I had issues growing up with relationships. I was in and out of relationships so fast you could barely keep up. Once I had a relationship that lasted a little over one class period. I dated all sorts of girls, from a variety of religious backgrounds. When I was fifteen I had bottomed out and told my best friend that I was through with dating. It had done nothing to help me, and at that point in time I was feeling the sting of a rather bad breakup.
Sadly, many teenagers live this same sort of lifestyle. They are in and out and back into relationships quicker than parents (or youth pastors) can keep up. “You’re dating who? When did you break up with ___?” Ultimately, serial daters find themselves longing for something stable and begin to wonder what is wrong with them to make their life so volatile.
Enter the Bible. Malachi 2:10-16 has some tough words for who we choose to be married (which while teens aren’t marrying, dating is at least the precursor to marriage, for good and ill). God is angry at the intermarriage of the Israelite people. How they have aligned themselves with women of foreign gods. Likewise teens have to be selective in their relationships, if their boyfriend is an atheist as a parent you should have some red flags being raised about whether or not this is a good idea.

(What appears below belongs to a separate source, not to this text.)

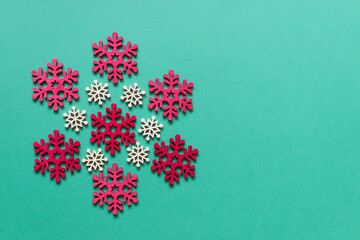 Christmas greeting card with red white wooden snowflakes on green background. Photo with copy blank space.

The passage continues and deals with the damage that divorce does on the family and how God hates divorce. It’s not His plan, and when divorce comes to a family generations are affected (note the grandparents rights issues we see today). I cautioned the teens to be selective in their dating as one day they will marry someone who they might wish they were more selective of if things are going sideways in their marriage.
Talk to your kids about being “equally yoked” discuss with them God’s plan for marriage, even if your marriage story is broken (my family’s was) your kid should know what is ideal for relationships and for their future dream of being a husband or a wife. Good luck this week, and remember I am here to support you!